Rena melempar Fendi dengan kripiknya, "Tai lo! Makan aja otaknya!"
"Eh monyet! Lempar-lempar, ntar lo sapu gue ga mau tau!"
"Iya ndoro."
Gue berjalan ke dapur mencari sesuatu yang bisa menyegarkan tenggorokan gue, saat gue membuka kulkas gue menemukan sekotak coklat favorit gue di dalamnya. Setau gue coklat ini harus dipesan terlebih dahulu karena memang ini coklat import.
"Bener ga yang itu?" tanya Raka yang tiba-tiba sudah ada di belakang gue.

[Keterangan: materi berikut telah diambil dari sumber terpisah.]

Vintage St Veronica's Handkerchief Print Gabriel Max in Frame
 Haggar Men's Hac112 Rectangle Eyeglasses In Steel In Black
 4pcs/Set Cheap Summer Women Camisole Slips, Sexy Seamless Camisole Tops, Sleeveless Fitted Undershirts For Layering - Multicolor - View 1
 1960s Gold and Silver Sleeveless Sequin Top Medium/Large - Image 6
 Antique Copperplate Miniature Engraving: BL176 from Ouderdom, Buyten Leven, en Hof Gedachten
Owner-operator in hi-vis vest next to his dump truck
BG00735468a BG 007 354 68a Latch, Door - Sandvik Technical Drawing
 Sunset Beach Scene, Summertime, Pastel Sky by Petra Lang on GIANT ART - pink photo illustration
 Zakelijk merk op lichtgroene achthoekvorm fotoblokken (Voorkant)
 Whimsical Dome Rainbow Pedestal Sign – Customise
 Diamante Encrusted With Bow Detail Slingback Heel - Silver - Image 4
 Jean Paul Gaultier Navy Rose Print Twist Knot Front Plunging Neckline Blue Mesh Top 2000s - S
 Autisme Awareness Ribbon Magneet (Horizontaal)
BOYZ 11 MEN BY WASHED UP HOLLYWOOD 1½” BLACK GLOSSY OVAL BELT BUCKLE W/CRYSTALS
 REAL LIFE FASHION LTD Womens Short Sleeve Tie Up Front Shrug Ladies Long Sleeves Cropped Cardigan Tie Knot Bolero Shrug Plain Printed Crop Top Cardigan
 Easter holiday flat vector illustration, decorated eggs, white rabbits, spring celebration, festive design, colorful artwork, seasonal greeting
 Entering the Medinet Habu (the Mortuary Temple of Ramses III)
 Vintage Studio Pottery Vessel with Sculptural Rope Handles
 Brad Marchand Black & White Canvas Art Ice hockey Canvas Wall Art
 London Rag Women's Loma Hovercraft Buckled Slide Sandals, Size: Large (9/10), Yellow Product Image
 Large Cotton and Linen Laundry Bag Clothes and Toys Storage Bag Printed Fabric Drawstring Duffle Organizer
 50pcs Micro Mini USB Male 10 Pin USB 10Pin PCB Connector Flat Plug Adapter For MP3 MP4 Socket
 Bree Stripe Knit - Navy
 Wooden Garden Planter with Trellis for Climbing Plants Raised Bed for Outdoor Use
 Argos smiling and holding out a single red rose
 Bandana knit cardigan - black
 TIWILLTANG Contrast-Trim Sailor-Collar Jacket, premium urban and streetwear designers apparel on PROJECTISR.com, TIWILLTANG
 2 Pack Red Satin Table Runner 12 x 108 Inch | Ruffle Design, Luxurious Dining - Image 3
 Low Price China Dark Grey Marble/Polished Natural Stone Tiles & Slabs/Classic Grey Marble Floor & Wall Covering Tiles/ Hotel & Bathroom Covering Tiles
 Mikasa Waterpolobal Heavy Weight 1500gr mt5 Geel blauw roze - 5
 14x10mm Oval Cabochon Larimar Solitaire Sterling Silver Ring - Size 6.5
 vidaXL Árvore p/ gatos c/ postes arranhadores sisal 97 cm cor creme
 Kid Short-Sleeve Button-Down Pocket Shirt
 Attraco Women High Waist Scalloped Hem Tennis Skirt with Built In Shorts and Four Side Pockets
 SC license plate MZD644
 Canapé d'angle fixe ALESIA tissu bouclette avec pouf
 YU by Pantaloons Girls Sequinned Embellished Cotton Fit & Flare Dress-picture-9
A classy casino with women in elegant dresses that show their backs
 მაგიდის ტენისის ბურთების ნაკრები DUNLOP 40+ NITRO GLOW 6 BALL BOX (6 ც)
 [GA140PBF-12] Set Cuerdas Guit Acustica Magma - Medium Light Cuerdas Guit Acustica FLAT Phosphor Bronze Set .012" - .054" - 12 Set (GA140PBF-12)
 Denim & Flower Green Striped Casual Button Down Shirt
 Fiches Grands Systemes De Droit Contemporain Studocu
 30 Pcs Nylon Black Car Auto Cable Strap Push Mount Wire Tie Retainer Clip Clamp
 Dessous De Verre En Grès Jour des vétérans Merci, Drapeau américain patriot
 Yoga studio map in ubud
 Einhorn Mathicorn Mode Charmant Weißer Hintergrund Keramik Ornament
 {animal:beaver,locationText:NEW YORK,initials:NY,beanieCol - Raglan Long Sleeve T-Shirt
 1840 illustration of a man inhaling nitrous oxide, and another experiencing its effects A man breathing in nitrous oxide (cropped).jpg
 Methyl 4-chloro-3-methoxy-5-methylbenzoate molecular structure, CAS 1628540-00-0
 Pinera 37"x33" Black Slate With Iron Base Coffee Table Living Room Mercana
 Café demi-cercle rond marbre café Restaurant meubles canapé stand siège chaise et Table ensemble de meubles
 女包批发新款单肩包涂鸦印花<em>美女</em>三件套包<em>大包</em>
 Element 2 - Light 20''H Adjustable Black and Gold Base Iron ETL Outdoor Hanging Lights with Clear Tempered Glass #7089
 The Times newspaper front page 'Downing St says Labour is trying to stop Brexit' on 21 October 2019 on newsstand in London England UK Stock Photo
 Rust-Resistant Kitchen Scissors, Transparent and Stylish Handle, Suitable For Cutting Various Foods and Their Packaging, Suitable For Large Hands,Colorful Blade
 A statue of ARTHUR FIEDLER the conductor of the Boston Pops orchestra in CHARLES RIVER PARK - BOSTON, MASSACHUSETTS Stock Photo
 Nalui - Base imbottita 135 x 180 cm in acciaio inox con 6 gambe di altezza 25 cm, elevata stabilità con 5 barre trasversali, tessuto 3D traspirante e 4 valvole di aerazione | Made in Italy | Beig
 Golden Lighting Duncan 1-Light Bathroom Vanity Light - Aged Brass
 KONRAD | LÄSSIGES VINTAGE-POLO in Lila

"Eh, apa? Ini?" gue menunjuk kotak coklat, Raka mengangguk disertai eyesmilenya yang membuat dede-dede di kampus suka ngaku bunting karenanya.
"Ini dari lo?"
Dia mengangguk lagi, "I told you that I will give you special present if you got highest grade." dia memegang tangan gue dan melingkarkan benda berwarna silver yang tampak simpel dan manis, "second present." ucapnya sambil tersenyum, gue refleks memeluk dia saking senengnya.
"Thanks Ka, it's very expensive right?" tanya gue tidak enak.
"Ga masalah kalau buat lo my bestie."
Raka membawa gue ke meja makan, sepertinya ada hal lain yang ingin dia bicarakan dengan gue, gue hanya menurut mengikuti dia yang kini sudah duduk di hapadan gue.
"Arga udah tau lo lulus dan mau pindah?" gue heran dengan Raka belakangan ini, dia dicekokin apa sampai suka bawa-bawa Arga di setiap pembahasan?
"Belum, gue belum sempet ngomong sama dia."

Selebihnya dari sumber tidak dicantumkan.